Starting with the line containing "Gardini Naxos during the blue hour" and going on through the line containing "Tonecheer TQ183 Punk", return the lines of the data below exactly, and only those.

Records from a data collection ->
+===+

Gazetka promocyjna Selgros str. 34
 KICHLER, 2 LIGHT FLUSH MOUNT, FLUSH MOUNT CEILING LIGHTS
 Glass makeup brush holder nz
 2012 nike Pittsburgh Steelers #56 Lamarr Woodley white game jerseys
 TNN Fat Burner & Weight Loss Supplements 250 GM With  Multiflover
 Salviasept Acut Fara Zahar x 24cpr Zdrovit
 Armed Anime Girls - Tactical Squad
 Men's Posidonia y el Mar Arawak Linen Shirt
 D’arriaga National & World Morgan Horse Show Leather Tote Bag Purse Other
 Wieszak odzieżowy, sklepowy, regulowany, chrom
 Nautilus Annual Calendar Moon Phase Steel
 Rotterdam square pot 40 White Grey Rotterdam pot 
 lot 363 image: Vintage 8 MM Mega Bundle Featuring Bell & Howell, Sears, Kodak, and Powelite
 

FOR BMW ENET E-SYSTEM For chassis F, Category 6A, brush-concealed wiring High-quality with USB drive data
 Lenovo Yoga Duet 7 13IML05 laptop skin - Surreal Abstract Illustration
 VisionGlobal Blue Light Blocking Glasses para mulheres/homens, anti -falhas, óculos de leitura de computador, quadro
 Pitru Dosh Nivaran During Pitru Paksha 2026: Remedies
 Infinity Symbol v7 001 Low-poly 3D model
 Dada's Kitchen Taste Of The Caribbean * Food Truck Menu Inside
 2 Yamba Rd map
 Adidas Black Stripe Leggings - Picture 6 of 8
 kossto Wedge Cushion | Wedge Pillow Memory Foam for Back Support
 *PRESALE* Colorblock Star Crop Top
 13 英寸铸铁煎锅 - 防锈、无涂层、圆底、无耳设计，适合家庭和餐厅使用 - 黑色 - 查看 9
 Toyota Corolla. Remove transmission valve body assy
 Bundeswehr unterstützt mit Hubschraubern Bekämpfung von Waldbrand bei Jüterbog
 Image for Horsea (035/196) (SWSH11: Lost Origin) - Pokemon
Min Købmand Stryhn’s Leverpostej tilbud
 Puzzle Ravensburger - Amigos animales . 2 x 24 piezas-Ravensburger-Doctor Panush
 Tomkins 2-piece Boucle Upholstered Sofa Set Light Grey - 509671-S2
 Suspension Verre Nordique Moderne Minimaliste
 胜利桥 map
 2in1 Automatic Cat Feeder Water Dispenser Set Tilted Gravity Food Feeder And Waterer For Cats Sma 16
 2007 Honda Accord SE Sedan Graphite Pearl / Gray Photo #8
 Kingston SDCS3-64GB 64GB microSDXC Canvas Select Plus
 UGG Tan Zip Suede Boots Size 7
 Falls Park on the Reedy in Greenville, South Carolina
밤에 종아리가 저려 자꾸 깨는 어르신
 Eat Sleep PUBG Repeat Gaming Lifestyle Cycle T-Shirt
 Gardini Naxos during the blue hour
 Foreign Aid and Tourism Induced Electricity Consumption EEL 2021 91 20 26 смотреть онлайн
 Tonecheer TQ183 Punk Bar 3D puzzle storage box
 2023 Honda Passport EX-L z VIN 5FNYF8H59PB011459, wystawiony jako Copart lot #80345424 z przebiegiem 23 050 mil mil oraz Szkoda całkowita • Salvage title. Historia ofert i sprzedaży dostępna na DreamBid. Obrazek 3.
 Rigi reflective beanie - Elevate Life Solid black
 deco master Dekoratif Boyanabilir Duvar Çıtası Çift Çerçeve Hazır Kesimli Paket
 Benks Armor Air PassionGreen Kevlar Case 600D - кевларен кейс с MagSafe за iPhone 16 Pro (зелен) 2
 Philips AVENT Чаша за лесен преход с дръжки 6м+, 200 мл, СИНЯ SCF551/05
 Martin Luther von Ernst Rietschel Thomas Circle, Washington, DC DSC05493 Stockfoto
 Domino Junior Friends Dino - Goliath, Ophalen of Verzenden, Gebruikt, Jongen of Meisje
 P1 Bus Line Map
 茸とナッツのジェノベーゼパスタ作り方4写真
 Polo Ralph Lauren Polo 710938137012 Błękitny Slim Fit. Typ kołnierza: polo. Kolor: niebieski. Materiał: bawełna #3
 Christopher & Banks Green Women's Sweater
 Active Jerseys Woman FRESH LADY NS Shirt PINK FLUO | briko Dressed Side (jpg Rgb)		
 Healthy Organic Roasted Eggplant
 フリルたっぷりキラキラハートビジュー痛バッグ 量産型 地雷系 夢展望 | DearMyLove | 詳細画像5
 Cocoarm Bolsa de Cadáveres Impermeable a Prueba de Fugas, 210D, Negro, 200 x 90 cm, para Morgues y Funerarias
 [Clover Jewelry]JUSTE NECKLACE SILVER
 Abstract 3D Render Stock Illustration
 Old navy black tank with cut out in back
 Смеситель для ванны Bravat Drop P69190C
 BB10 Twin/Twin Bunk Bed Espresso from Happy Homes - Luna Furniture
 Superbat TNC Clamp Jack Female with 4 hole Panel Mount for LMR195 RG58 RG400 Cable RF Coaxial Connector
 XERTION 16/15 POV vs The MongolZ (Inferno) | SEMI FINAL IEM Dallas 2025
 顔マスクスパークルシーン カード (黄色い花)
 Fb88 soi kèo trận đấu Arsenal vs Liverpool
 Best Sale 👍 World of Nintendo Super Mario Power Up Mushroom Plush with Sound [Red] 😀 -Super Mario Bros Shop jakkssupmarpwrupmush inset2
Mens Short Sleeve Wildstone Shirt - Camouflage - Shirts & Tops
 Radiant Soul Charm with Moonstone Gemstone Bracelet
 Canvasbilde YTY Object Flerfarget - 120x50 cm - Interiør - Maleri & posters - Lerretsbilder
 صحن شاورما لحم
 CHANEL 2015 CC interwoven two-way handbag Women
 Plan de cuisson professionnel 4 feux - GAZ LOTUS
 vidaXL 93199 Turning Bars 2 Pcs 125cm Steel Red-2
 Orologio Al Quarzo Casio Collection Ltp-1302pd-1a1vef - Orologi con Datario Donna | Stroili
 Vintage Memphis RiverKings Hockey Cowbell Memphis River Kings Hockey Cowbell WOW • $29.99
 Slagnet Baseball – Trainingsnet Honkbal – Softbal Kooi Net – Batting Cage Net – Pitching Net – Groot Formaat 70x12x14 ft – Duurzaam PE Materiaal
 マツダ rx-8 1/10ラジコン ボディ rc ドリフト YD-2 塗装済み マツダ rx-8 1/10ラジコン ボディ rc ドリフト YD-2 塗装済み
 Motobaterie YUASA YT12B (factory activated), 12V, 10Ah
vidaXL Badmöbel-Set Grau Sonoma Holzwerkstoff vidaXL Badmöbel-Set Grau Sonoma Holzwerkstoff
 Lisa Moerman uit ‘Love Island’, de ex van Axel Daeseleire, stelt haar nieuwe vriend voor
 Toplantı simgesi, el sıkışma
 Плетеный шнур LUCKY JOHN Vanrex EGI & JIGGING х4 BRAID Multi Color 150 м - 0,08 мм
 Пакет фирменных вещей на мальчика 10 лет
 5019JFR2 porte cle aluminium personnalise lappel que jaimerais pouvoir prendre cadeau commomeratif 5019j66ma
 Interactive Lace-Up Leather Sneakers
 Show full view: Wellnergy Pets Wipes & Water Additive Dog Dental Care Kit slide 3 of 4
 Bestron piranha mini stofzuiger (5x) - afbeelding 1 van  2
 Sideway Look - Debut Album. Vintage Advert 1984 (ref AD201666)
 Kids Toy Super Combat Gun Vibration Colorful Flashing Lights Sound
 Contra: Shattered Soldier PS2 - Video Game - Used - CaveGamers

+===+

Solved exercise ->
 Gardini Naxos during the blue hour
 Foreign Aid and Tourism Induced Electricity Consumption EEL 2021 91 20 26 смотреть онлайн
 Tonecheer TQ183 Punk Bar 3D puzzle storage box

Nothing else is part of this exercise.